Lines from the one with "tuition fees in" up to and including the one with "Buffet haut bois et cannage 80 cm Goto" are to be copied exactly from the records below, without their pictures.

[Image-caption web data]
::::::::
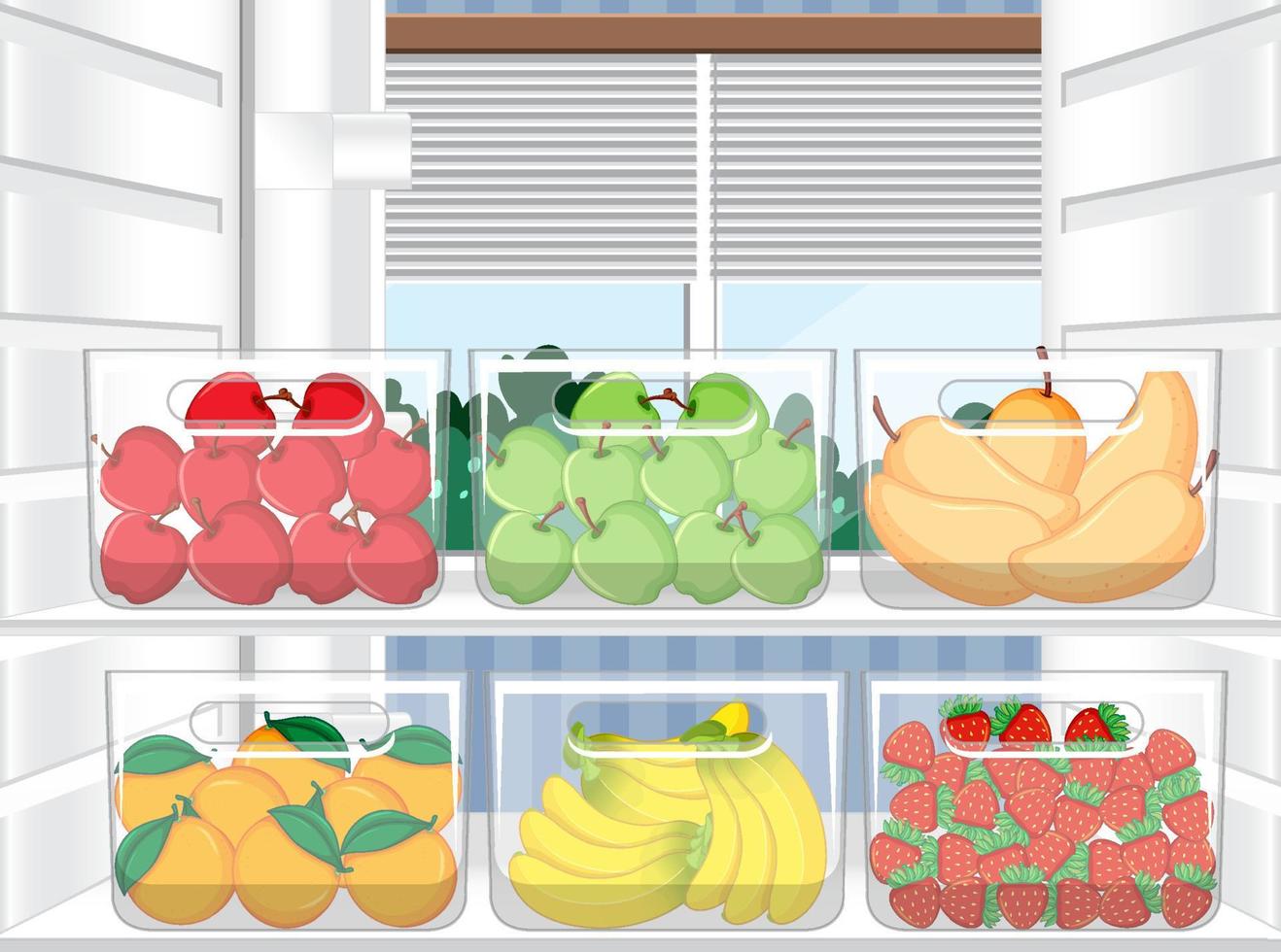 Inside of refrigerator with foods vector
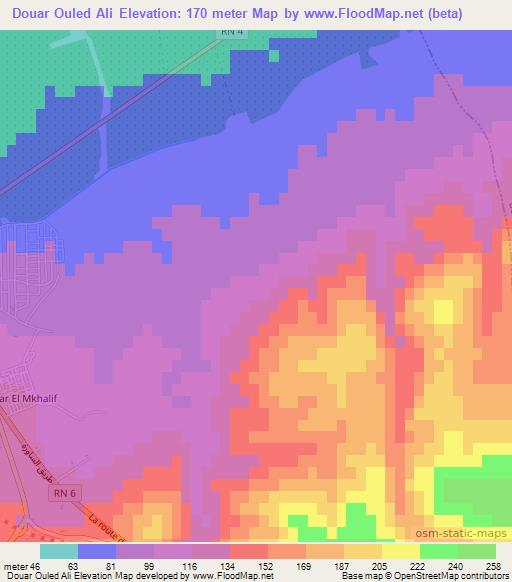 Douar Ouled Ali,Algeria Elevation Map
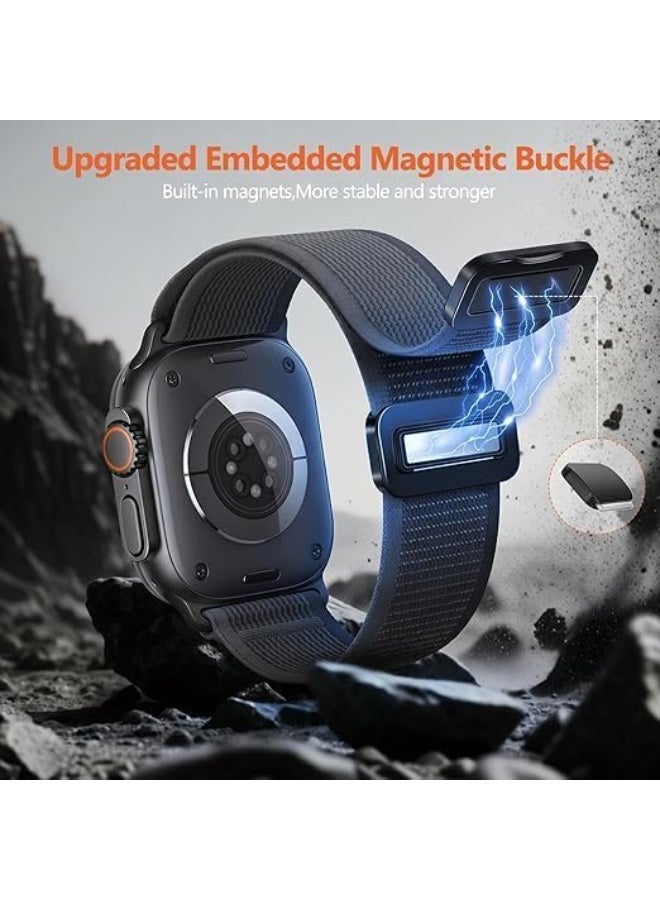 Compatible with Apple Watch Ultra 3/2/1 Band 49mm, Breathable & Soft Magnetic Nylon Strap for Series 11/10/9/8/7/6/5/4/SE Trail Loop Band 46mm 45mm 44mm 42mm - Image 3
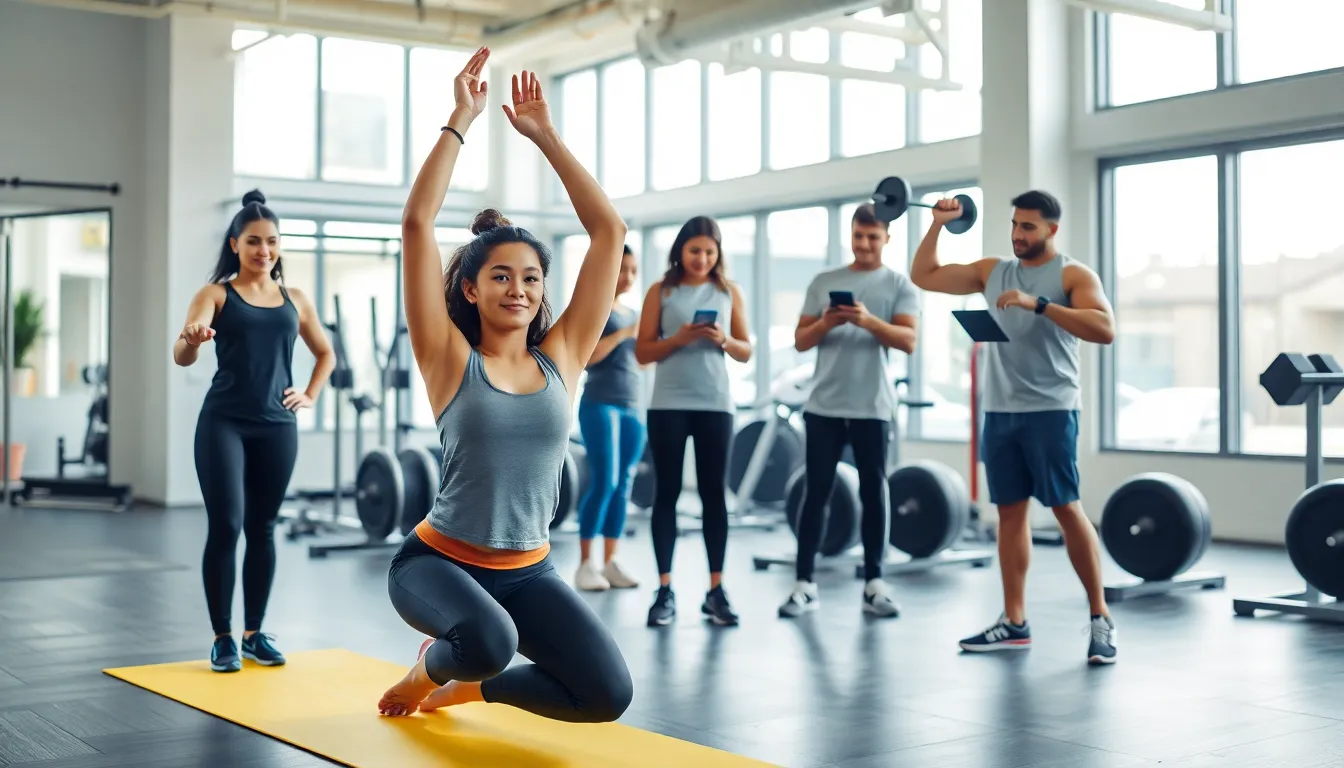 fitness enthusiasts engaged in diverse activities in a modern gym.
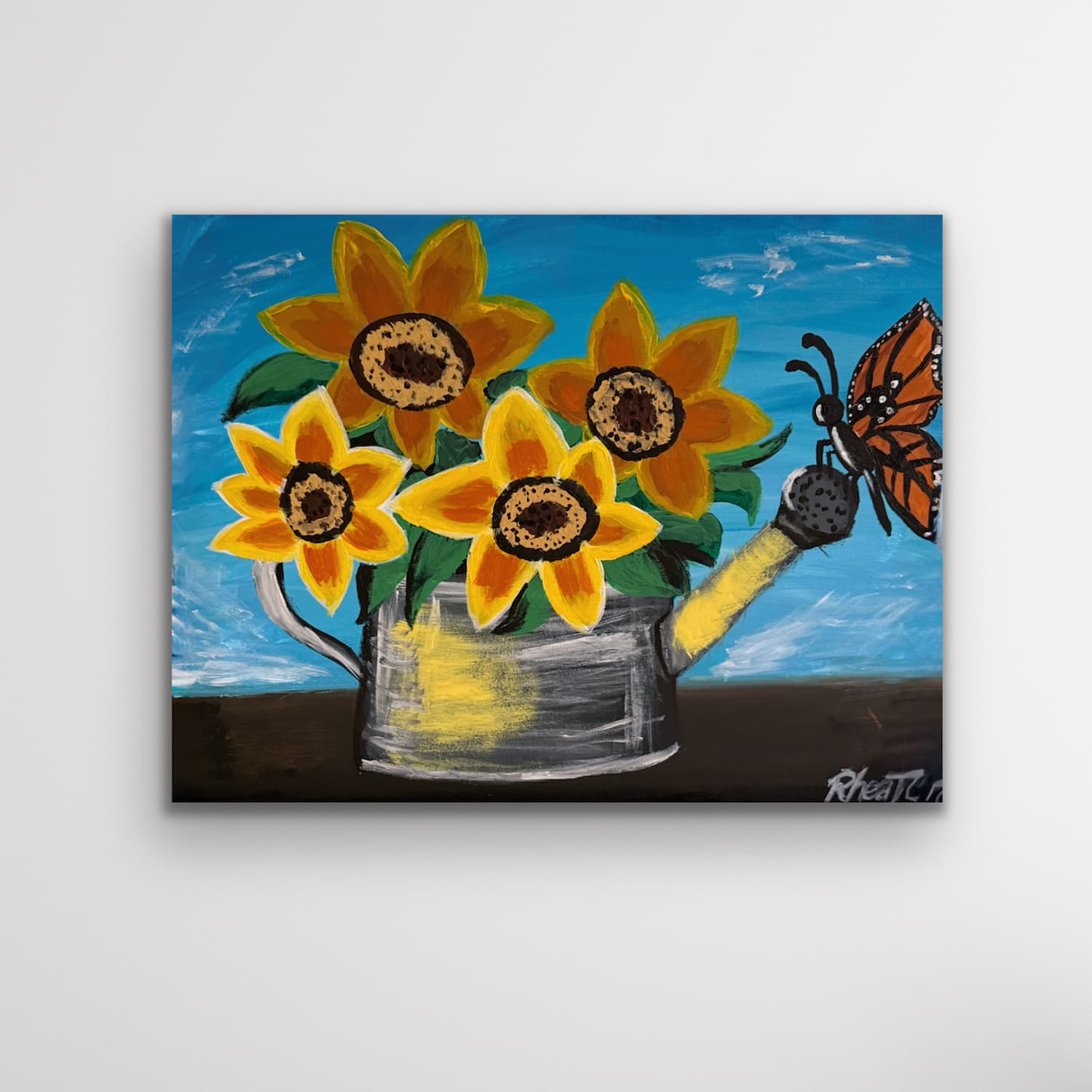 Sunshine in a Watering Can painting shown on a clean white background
::::::::
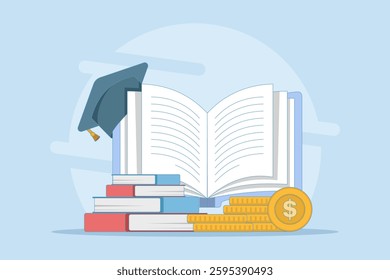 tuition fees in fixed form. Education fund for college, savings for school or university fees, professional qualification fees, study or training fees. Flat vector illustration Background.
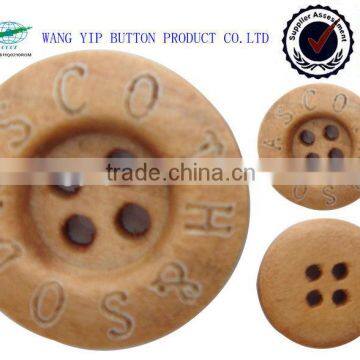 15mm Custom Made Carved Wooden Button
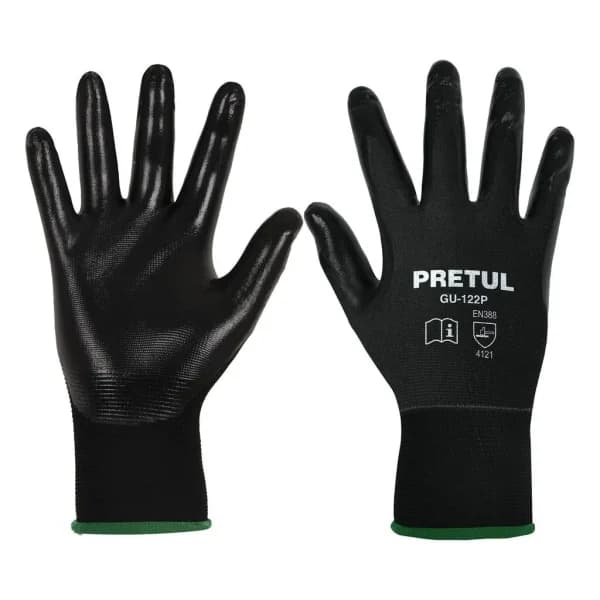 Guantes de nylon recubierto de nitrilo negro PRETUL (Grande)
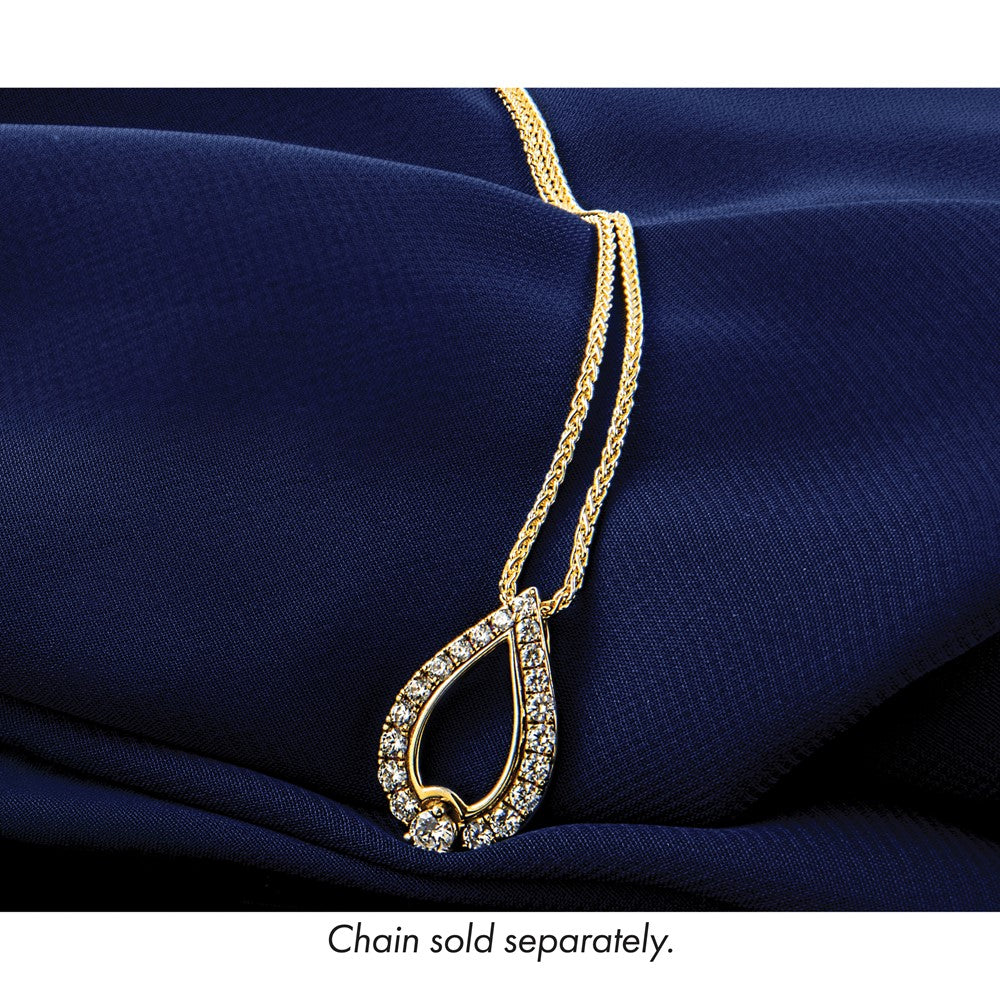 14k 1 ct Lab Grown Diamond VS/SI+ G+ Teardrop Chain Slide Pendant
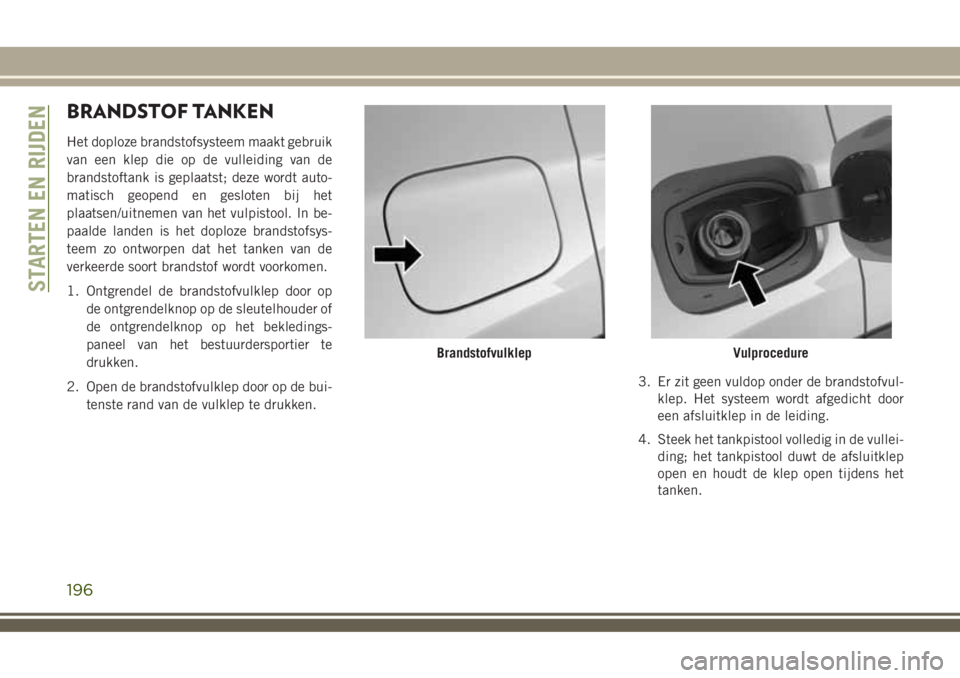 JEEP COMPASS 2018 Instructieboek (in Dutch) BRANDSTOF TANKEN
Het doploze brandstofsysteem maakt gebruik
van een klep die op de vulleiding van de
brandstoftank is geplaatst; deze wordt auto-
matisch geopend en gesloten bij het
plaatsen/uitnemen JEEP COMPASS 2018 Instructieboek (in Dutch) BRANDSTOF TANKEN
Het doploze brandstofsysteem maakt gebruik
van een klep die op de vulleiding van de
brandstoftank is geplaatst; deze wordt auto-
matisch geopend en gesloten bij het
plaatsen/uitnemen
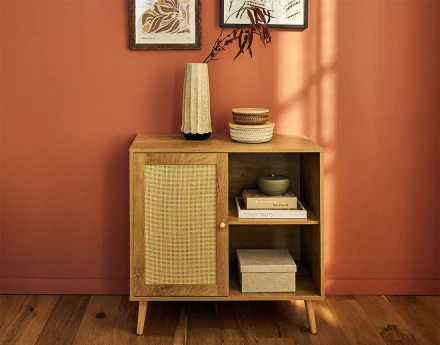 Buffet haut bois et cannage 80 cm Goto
::::::::
Written response »
 tuition fees in fixed form. Education fund for college, savings for school or university fees, professional qualification fees, study or training fees. Flat vector illustration Background.
 15mm Custom Made Carved Wooden Button
 Guantes de nylon recubierto de nitrilo negro PRETUL (Grande)
 14k 1 ct Lab Grown Diamond VS/SI+ G+ Teardrop Chain Slide Pendant
 JEEP COMPASS 2018 Instructieboek (in Dutch) BRANDSTOF TANKEN
Het doploze brandstofsysteem maakt gebruik
van een klep die op de vulleiding van de
brandstoftank is geplaatst; deze wordt auto-
matisch geopend en gesloten bij het
plaatsen/uitnemen JEEP COMPASS 2018 Instructieboek (in Dutch) BRANDSTOF TANKEN
Het doploze brandstofsysteem maakt gebruik
van een klep die op de vulleiding van de
brandstoftank is geplaatst; deze wordt auto-
matisch geopend en gesloten bij het
plaatsen/uitnemen
 Buffet haut bois et cannage 80 cm Goto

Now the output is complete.